D’autres systèmes d’IA sont considérés à haut risque (notamment la reconnaissance des visages et des émotions, l’IA utilisée dans les infrastructures critiques, dans les contextes de l’éducation, de l’emploi, de l’urgence, d’asile et de frontières, dans l’aide sociale, pour l’évaluation du crédit, par les forces de l’ordre ou les juges). Les fournisseurs et les utilisateurs de ces systèmes d’IA devraient faire de la gestion des risques, notifier à une autorité de surveillance, obtenir une certification de conformité ou mettre en œuvre des actions correctives en cas de non-conformité. En outre, ils doivent préparer un plan de gouvernance des données adéquat pour l’entraînement et la validation de l’IA, en comblant les éventuelles “lacunes”, en prévenant tout biais et en contextualisant le système d’IA dans le contexte social spécifique.
La Commission européenne peut mettre à jour la liste des systèmes à haut risque sur la base de la gravité et de la probabilité de l’impact des systèmes d’IA sur les droits fondamentaux.
L’ensemble de ce modèle présente des avantages : il s’agit d’un texte juridique très avancé qui vise à proposer des mesures concrètes en faveur de systèmes d’IA équitables, sûrs et fiables, en abordant de manière réaliste certaines des questions les plus insolubles de l’IA (explicabilité, biais, exactitude).
Cependant, le texte comporte encore de nombreuses questions ouvertes qui devraient être discutées avant l’approbation finale. En particulier, l’absence de droits individuels dans la proposition n’est pas compensée, par exemple, en mettant davantage l’accent sur la conception participative des systèmes d’IA. En outre, le modèle à trois niveaux (IA interdits, IA à haut risque et autres systèmes d’IA) semble basé sur un paradigme « noir et blanc » peu flexible. La liste des pratiques d’IA interdites et la liste des systèmes d’IA à haut risque pourraient s’avérer difficile à étendre. Par exemple, les dark patterns qui ne produisent pas de “dommages physiques ou psychologiques” tangibles (mais qui pourraient néanmoins manipuler les comportements et produire des effets économiques néfastes), l’application de l’IA en neurotechnologie (amélioration de la cognition), ou dans les recherches scientifiques sensibles (sur la santé, génétique, ou expériences sociales ou psychologiques) ne sont ni sur la liste noire ni considérés comme à haut risque. De même, si l’exploitation des vulnérabilités liées à l’âge ou à l’invalidité est inscrite sur la liste noire, il n’est pas fait mention d’autres formes de vulnérabilité en ligne (vulnérabilités sociales, psychologiques, transitoires et contextuelles), pas même dans les scénarios à haut risque.

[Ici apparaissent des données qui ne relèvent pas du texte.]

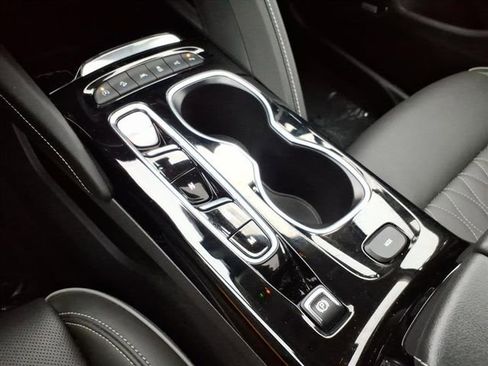 Used 2023 Buick Envision Avenir image 35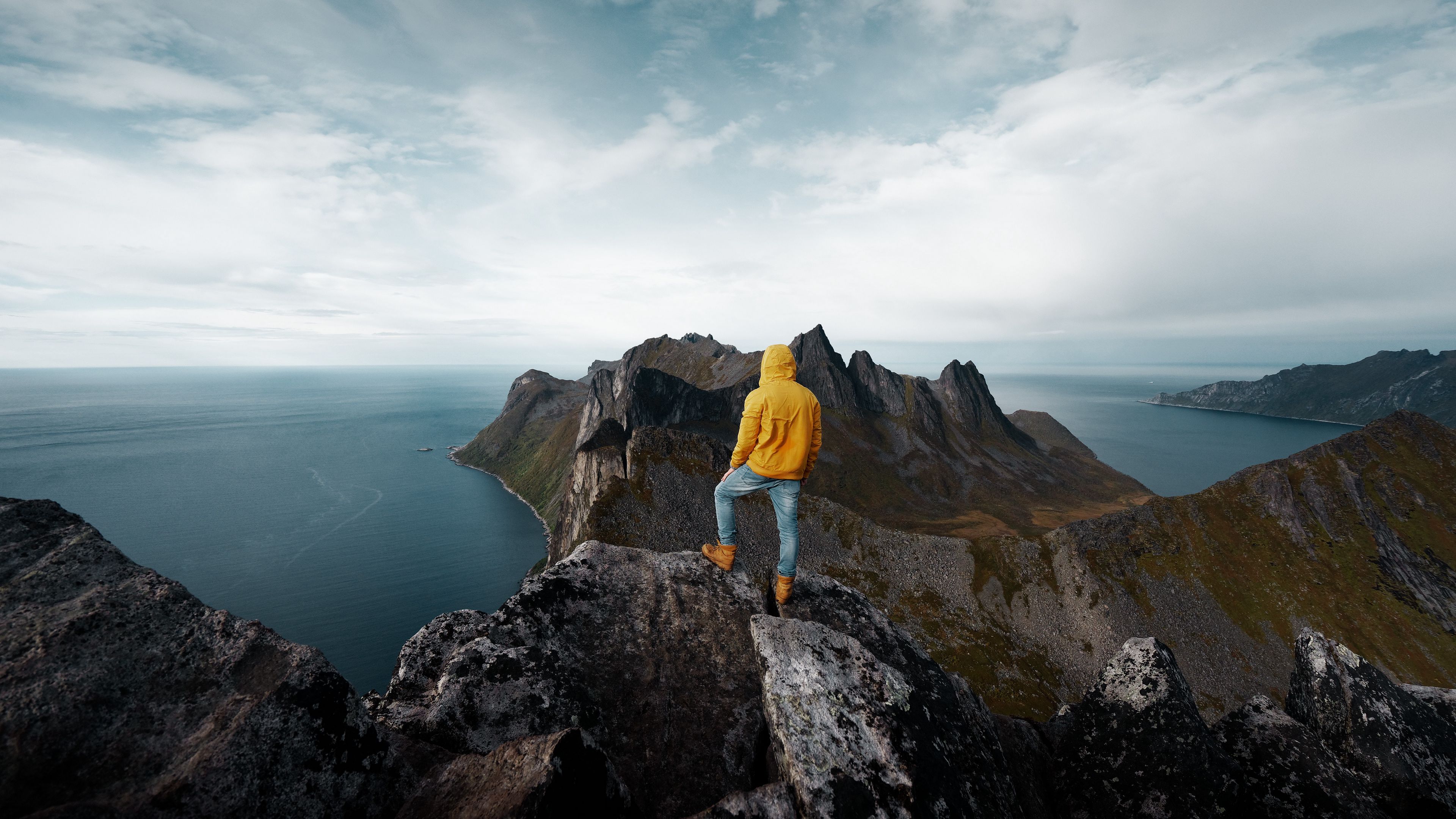 mountain, solitude, man, peak, norway, 4k, HD Wallpaper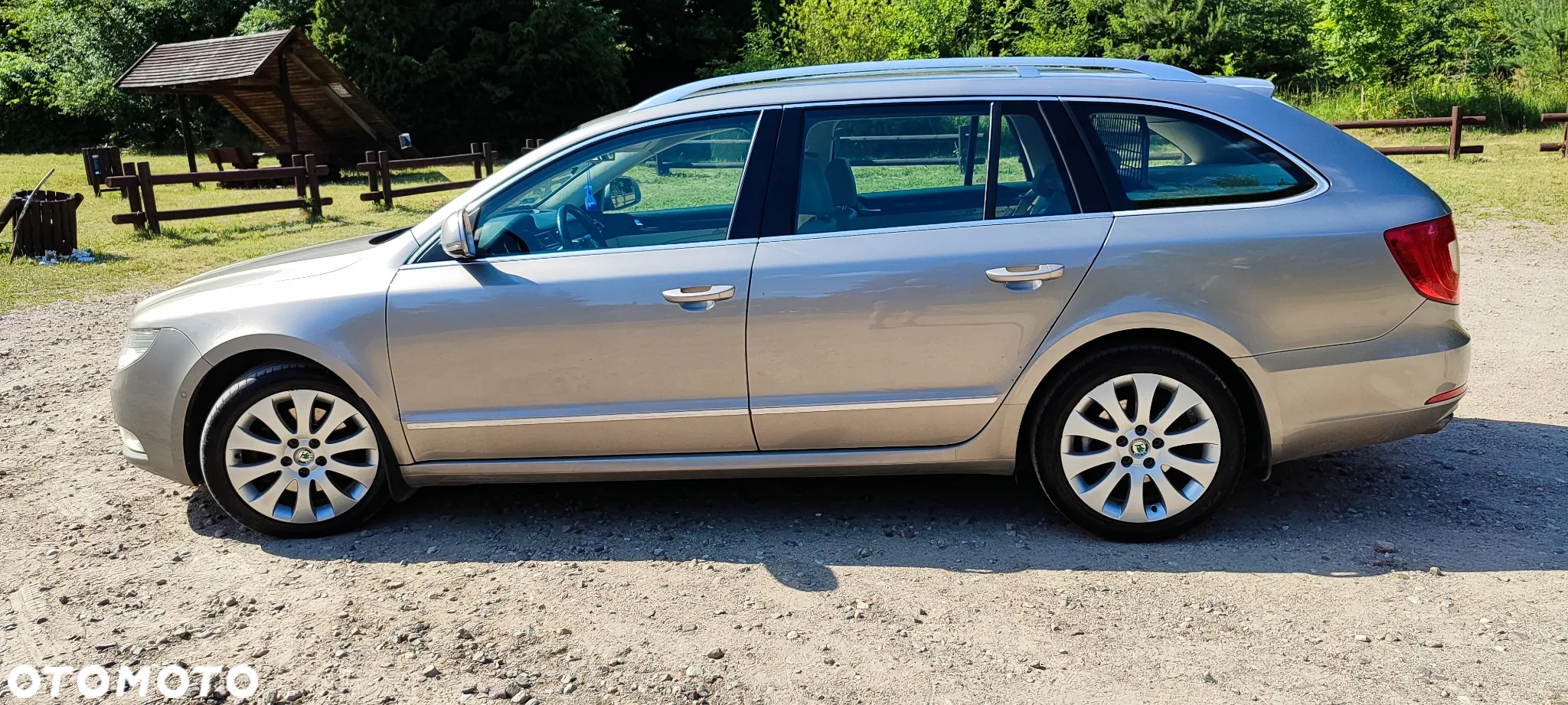 Skoda Superb 2.0 TDI Platinum DSG - 25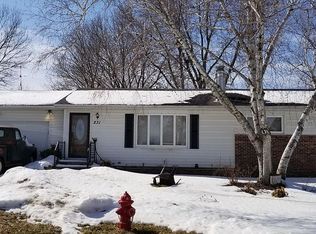 231 Hawkeye Ct, Cresco, IA 52136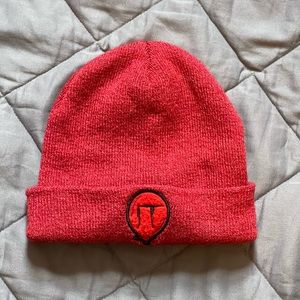 IT beanie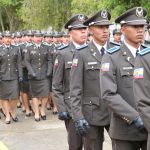 Los nuevos policías juran proteger y servir al país, reafirmando su compromiso con la seguridad y la justicia.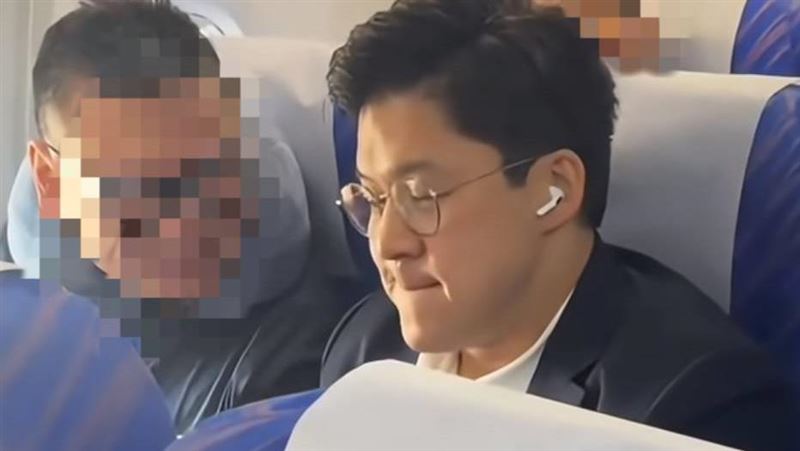 霍啟剛出席活動的頭像照片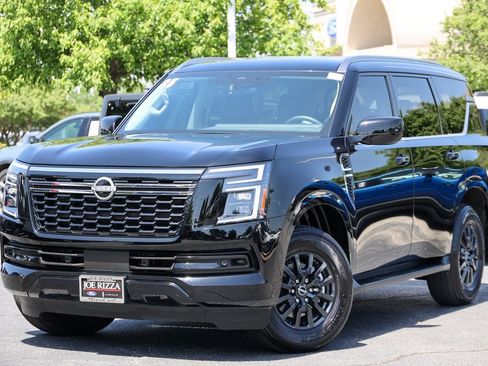 Used 2025 Nissan Armada SV AWD/4WD image 15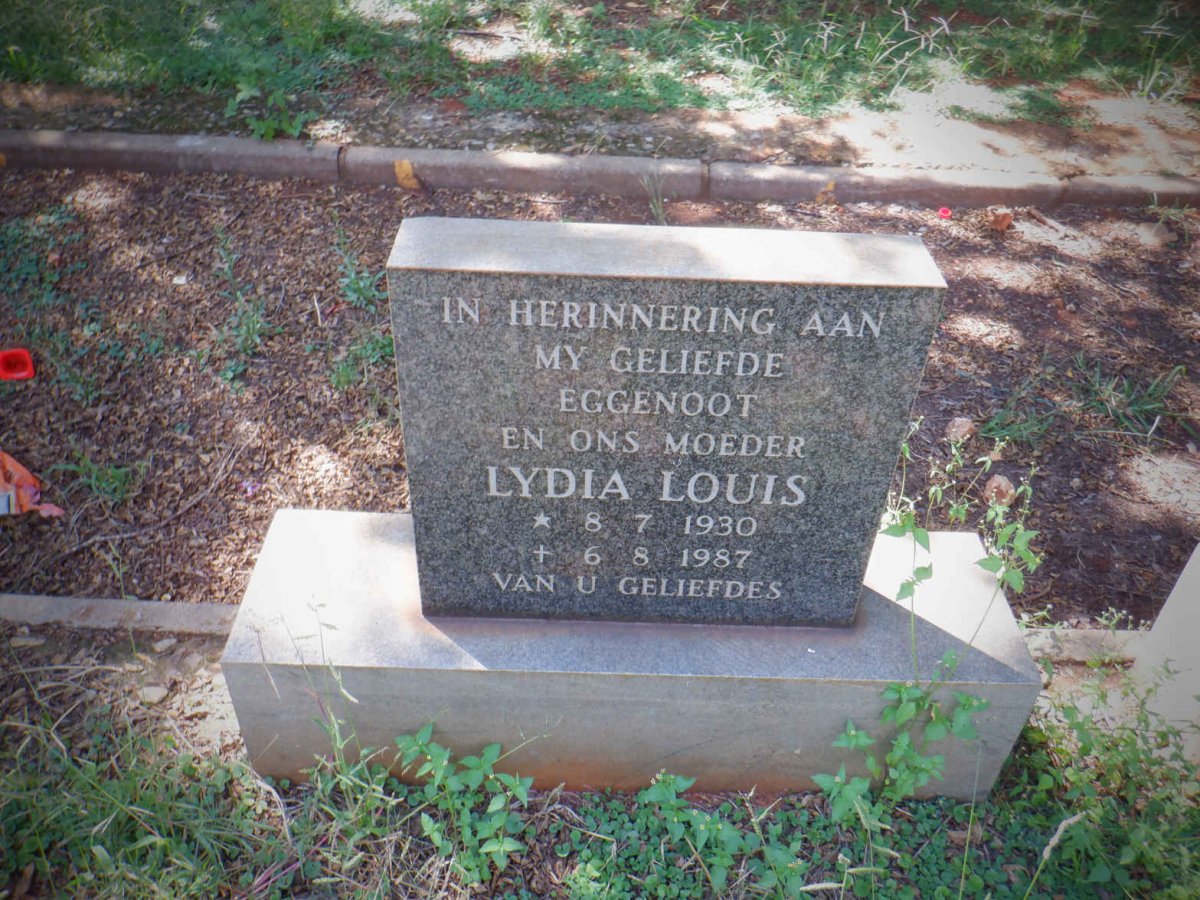 LOUIS Lydia 1930-1987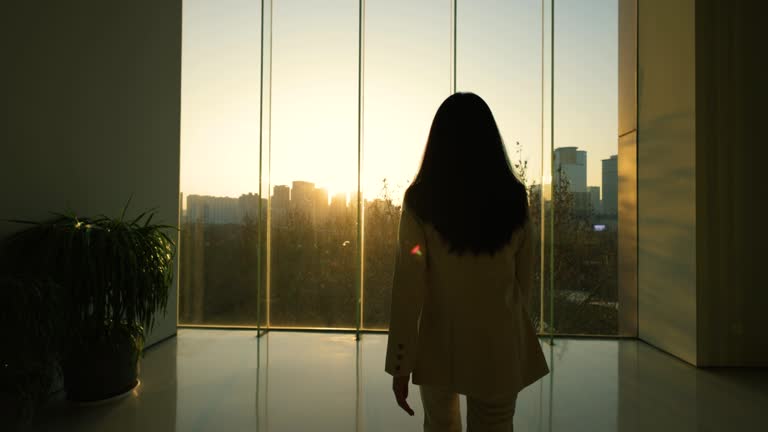 مدیریت تجارت در کریدور شرق: نقش ساخت CRM و مشاوره دیجیتال مارکتینگ در موفقیت سئو دوزبانه شرکتهای حملونقل زاهدان - فرصتهای تجارت بینالملل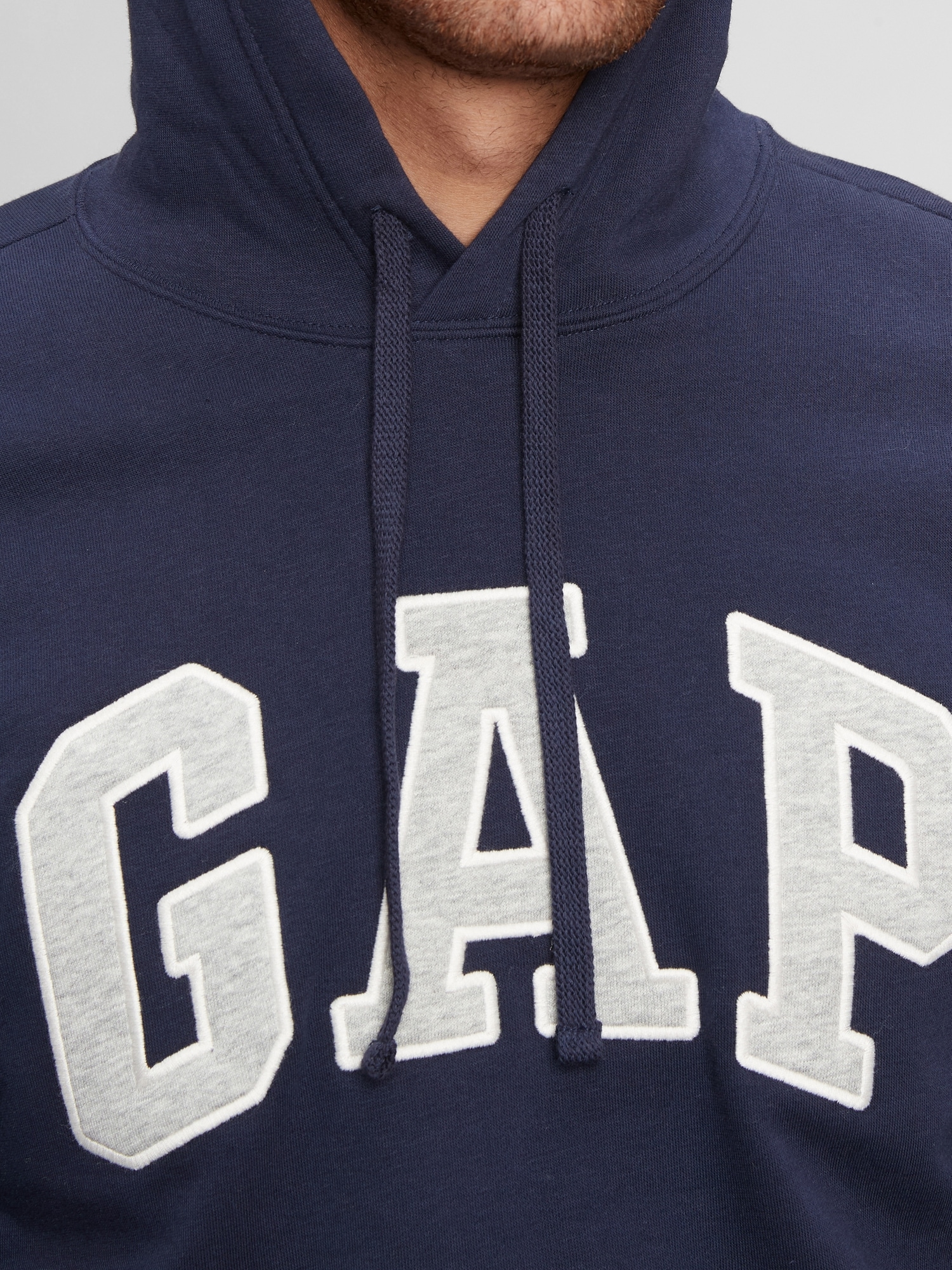Gap Sudadera con capucha para hombre con logotipo de arco, gris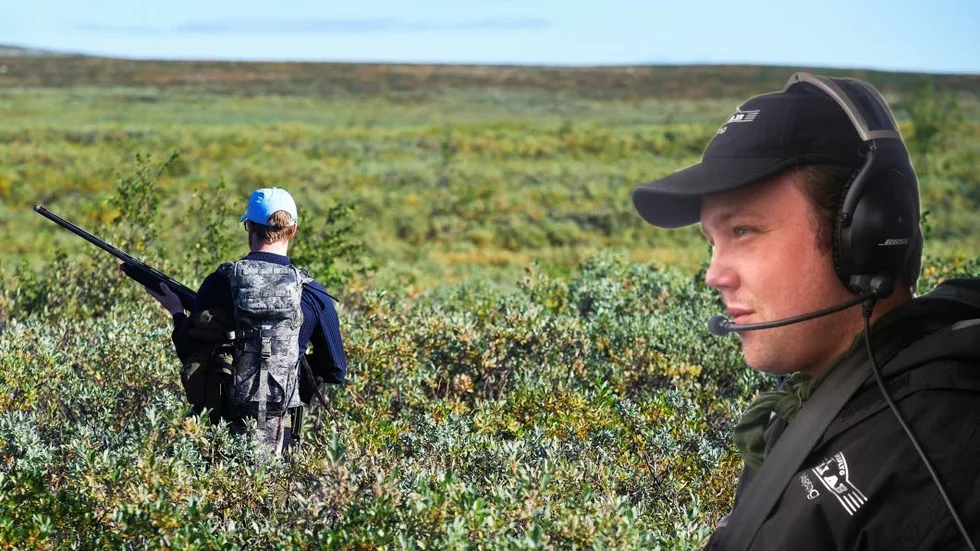 Kritisk. Emil Sundberg är tillsammans med 26 andra turistföretagare kritisk mot de föreslagna förändringarna i rennäringsförordningen som innebär att jakt och fiske endast skall upplåtas åt den som är fast bosatt i Sverige. OBS: Montage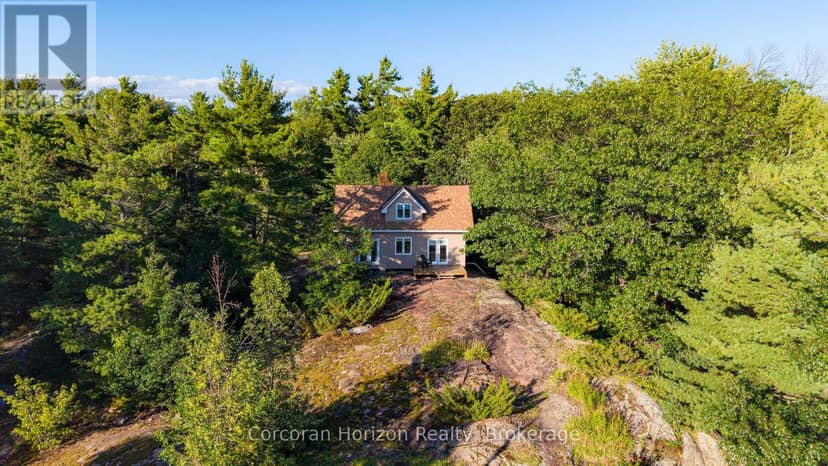4476 Island 1040/LITTLE Beausoleil Island — photo 9 of 40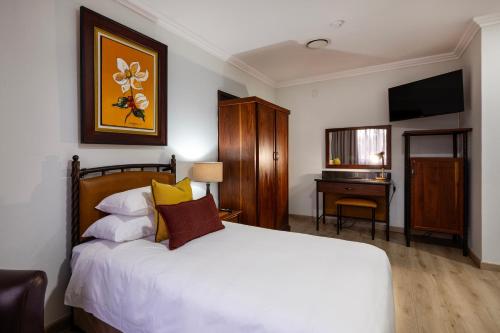 basdenwood hotel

Alors que dans le règlement sur la protection des données (RGPD) l’évaluation du niveau de “risque” est graduelle et basée sur plusieurs indices d’auto-évaluation, dans cette proposition de règlement sur l’IA, il n’y a pas de “nuances de gris” : soit un système d’IA figure dans la liste par catégorie mise à jour par la Commission, soit il est exempté de toute nouvelle obligation de conformité. Cette proposition semble donc trop rigide pour remporter un défi si complexe : entre le noir et le blanc, il existe de nombreuses nuances que seuls les interprètes (les juges et les autorités de surveillance) pourraient peut-être découvrir.
En résumé, la proposition de règlement comporte des innovations intéressantes, mais elle contient encore de nombreuses rigidités, lacunes et questions ouvertes qui ne pourraient être résolues que par une plus grande flexibilité dans les principes et dans les procédures pour mettre en œuvre ces principes sur le marché de l’IA.